(STORED DATA Opens)
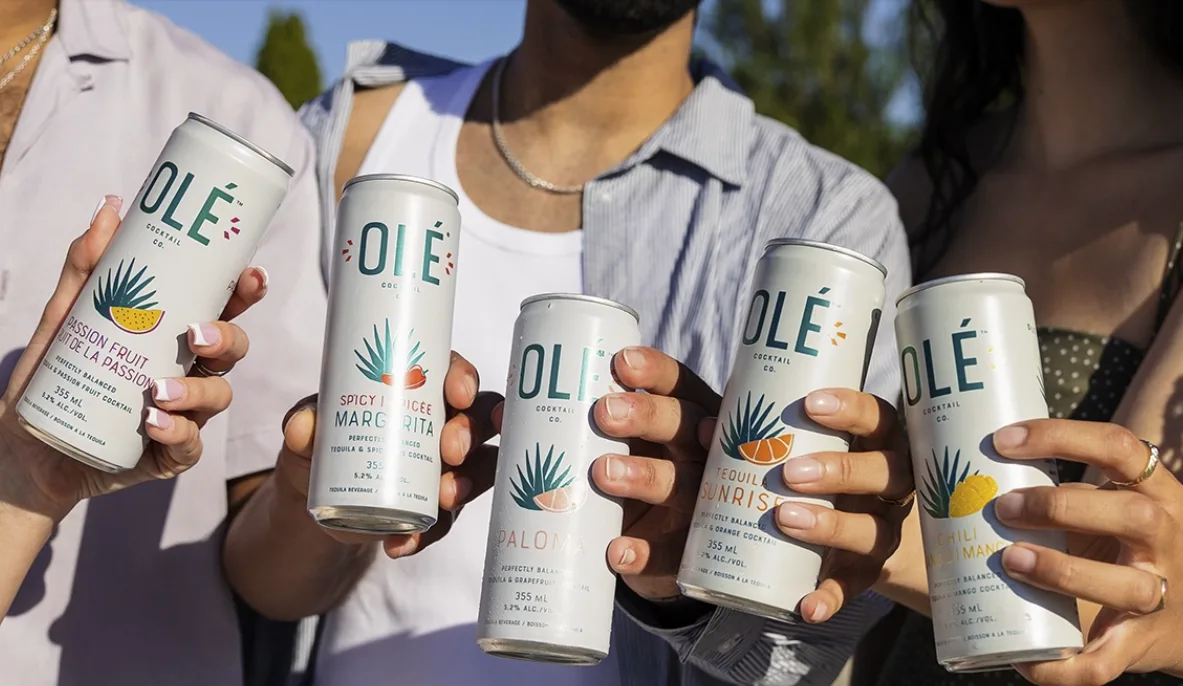 Friends raise five cans of Olé Cocktail Co — passion fruit, spicy margarita, paloma, tequila sunrise and chili mango — in the sun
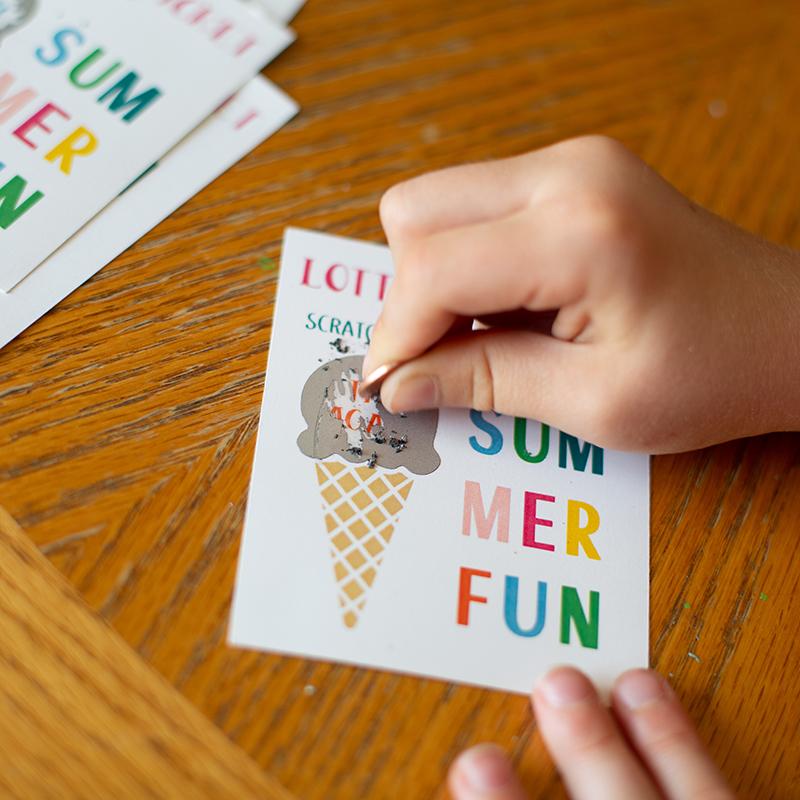 Hand scratching a silver sticker on a printed card to reveal the hidden message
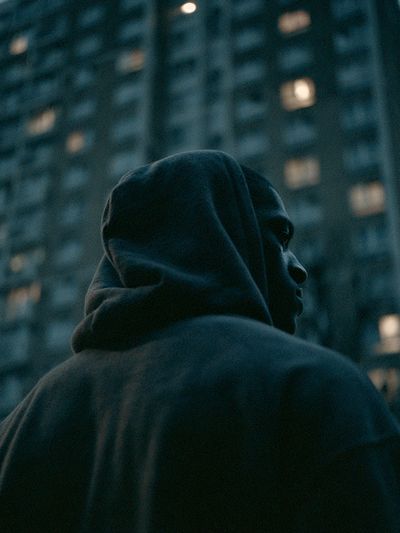 Hooded Figure at Dusk Poster.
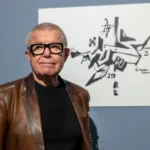 Man with glasses and brown leather jacket stands before an abstract black ink drawing on a gallery wall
(STORED DATA Closes)
### ACTION ITEM
Leave the pictures out and output the rest of the data word for word.

### SOLUTION FOR THIS TASK
 Friends raise five cans of Olé Cocktail Co — passion fruit, spicy margarita, paloma, tequila sunrise and chili mango — in the sun
 Hand scratching a silver sticker on a printed card to reveal the hidden message
 Hooded Figure at Dusk Poster.
 Man with glasses and brown leather jacket stands before an abstract black ink drawing on a gallery wall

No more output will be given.